O mosquito Haemagogus leucocelaneaus, exclusivo de matas e ambientes silvestres, é vetor de febre amarela silvestre (Foto: Josué Damacena/IOC/Fiocruz )
O Ministério da Saúde informou nesta segunda-feira (30) que o Brasil tem 568 casos suspeitos de febre amarela. Deste total, 107 foram confirmados, 430 ainda estão sob investigação e 31 foram descartados. Minas Gerais ainda é o estado com o maior número de registros: 509 pessoas com os sintomas.
Dentre as notificações de suspeitas de febre amarela o ministério recebeu 113 avisos de óbitos, dos quais 46 foram confirmados, 3 foram descartados e 64 estão em investigação. A grande maioria das mortes confirmadas ocorreram em Minas: 42.
O país tem 80 municípios com notificações da doença, sendo que 55 estão em território mineiro. Espírito Santo é o segundo estado mais afetado, com 37 casos suspeitos e 5 confirmações. A primeira morte foi confirmada nesta segunda e morava na cidade de Ibatiba.
A Bahia tem sete registros, sendo que seis deles ainda estão sob análise para uma confirmação – um dos casos já foi descartado.
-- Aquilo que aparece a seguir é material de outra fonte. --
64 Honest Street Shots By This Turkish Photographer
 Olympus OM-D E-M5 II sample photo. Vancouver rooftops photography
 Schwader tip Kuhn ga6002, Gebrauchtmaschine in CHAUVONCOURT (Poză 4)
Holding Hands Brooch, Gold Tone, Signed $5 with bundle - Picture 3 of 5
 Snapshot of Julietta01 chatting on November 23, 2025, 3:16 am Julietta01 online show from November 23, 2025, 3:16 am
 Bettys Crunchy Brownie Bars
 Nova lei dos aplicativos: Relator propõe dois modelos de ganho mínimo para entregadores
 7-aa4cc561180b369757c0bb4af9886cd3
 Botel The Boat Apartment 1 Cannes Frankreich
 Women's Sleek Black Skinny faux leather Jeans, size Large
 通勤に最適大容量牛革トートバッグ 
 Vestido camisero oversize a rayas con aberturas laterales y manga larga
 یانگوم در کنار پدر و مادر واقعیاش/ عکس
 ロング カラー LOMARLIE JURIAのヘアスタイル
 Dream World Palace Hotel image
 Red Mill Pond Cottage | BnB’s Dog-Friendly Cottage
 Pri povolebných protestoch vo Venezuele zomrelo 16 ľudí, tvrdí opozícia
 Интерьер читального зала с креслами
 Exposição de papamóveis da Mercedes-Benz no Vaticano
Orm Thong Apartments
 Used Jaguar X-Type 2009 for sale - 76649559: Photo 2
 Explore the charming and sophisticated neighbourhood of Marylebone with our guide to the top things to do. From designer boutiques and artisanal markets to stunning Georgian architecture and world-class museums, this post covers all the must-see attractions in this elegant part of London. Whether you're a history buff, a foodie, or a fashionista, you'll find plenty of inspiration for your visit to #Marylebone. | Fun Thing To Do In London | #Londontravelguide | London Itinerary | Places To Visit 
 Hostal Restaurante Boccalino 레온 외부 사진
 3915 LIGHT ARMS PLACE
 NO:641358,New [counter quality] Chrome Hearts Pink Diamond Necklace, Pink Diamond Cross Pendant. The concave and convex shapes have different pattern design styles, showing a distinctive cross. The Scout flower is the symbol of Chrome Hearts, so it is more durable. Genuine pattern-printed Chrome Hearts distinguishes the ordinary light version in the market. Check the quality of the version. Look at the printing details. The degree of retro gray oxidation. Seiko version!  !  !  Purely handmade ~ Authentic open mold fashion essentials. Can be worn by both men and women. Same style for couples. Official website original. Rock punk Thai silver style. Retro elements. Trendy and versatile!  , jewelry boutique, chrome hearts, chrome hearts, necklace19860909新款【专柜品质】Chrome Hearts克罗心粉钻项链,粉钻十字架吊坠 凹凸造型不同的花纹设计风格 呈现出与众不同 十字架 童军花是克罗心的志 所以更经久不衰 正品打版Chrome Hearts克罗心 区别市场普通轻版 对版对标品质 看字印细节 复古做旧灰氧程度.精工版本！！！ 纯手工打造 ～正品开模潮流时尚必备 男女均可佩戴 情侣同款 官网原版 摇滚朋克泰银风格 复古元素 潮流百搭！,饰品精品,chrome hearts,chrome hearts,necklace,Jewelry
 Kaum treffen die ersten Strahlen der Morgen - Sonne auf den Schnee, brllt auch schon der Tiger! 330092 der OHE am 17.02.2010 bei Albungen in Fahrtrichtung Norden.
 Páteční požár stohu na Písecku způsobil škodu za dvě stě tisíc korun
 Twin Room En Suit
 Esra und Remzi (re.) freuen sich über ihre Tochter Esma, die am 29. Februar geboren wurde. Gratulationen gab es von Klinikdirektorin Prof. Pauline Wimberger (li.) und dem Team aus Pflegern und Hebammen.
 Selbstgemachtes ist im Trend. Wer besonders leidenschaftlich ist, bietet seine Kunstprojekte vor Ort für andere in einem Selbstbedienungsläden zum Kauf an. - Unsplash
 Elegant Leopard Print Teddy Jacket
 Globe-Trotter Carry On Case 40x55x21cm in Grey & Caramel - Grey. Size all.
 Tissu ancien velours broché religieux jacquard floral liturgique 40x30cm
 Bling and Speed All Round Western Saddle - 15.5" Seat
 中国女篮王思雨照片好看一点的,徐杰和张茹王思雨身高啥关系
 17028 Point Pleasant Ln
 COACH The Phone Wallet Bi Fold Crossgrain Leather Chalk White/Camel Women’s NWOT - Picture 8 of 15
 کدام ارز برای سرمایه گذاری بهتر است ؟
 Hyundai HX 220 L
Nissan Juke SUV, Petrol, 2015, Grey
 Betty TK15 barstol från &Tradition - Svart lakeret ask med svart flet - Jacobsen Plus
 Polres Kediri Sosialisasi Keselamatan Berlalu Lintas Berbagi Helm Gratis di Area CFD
O estado não apresentou nenhuma morte pela doença.
Em São Paulo, de acordo com o Ministério da Saúde, são três mortes confirmadas – a Secretaria de Estado da Saúde já informou três novas vítimas da doença, além das informadas pelo órgão federal. Já no Distrito Federal e em Goiás todos os casos foram descartados.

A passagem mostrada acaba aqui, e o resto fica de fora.